There is no option but to ‘let the courts sort it out’. Courts have a tendency to go a different route than the plaintiff would expect. Even if in your opinion company A should be primarily responsible, it could very well happen that the court decides company X (whom per Brutus recommendation, was not included) is the real culprit. Better to be safe than sorry, so you better cast a sufficiently wide net.

That said, I can understand the irritation with some of the stories you hear. For one, there are indeed cases where there is just a very tenuous connection between the defendant and the accident, and where it seems to be a case of ‘deep pockets’ only.

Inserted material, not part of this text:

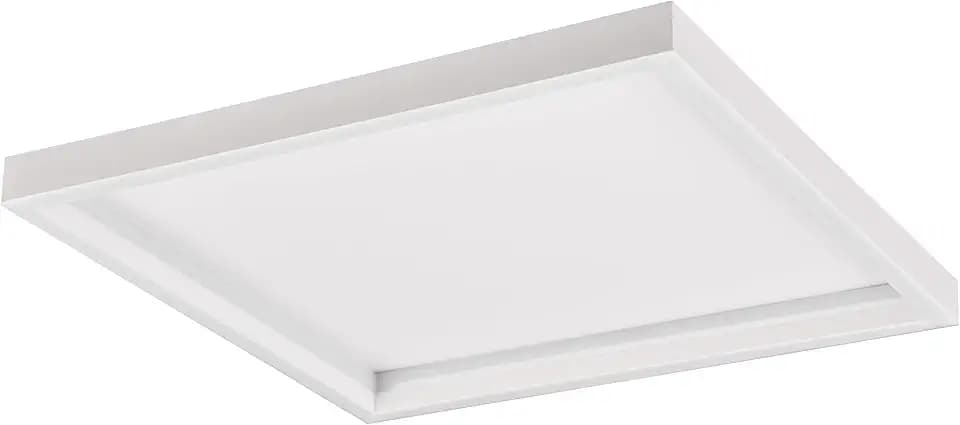 Reality Leuchten LED Deckenleuchte Rotonda R64502931, Metall Weiß matt, Kunststoff, inkl. 20 Watt LED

But with respect to the costs to fend of a lawsuit, this might be more a problem with the general state of the U.S. legal system. I’m no expert on this; I just finished reading The Moral Compass of the American Lawyer by Zitrin and Langford, who give a balanced view of the current problems. While they debunk some of the criticism, they are aware of certain problems and offer suggestions for improvement (unfortunately mostly would need a change in the mind-set of organizations and institutions, which are rather hard to accomplish).

Like other folks said, it’s sometimes hard to know in advance who the responsible party is. For what it’s worth, in the case I’ve been discussing, I spent several hours poking around the web sites of the organizations in question; doing internet searches; and studying the form 990s of the one non-profit involved. But I wasn’t able to find the answer I was looking for. I finally chatted about the issue with a more experienced attorney who told me it would be malpractice not to sue all 4 entities - and sort things out later.

Derleth - It was something like ten years ago. The primary e mail system is a proprietary DOS based one, with a transition to cc:Mail in the later part of the time period we needed to search The servers (Netware 3.12) only hold 500 mg - and we could only free up two of them for this work, and the restores are about 300 meg a month, there were something on the order of 12 e-mail servers, each with its own extensive tape set. Because of the time period, we had multiple tape systems during that time, and two or three different backup software programs. Oh, and its a 15,000 person company - the to: from: list the lawyers provided is about 200 names - across all those servers. I had scripts, but the scripts didn’t take care of everything - or in fact most of the work. The restores were what took so long - as each tape needed to be restored, its contents searched via script, the hits copied out, and then a new restore over the top of the previous one. Oh, and back then, the lawyers wanted everything translated to ASCII text files and put on FLOPPY! Yep, thousands of floppies. So yes, scripting was part of the solution, but it was just time consuming and labor intensive even with the scripts.

Never, ever, ever, hang onto your mail backups any longer than needed for disaster recovery purposes.

(And yes, I was properly exempted as a proper exempt professional employee, since this is the company I had a sexual harrassment claim against, getting paid for overtime was the least of my legal concerns there. The company - a former Fortune 100, has been bought by a competator and exists no more.)

I know nothing about this case, (just what I’ve seen on the news), and even I can tell you Shell has nothing to do with it. I guess they need to be dismissed of wrong doing, but what the hell could they possibly have been responsible for?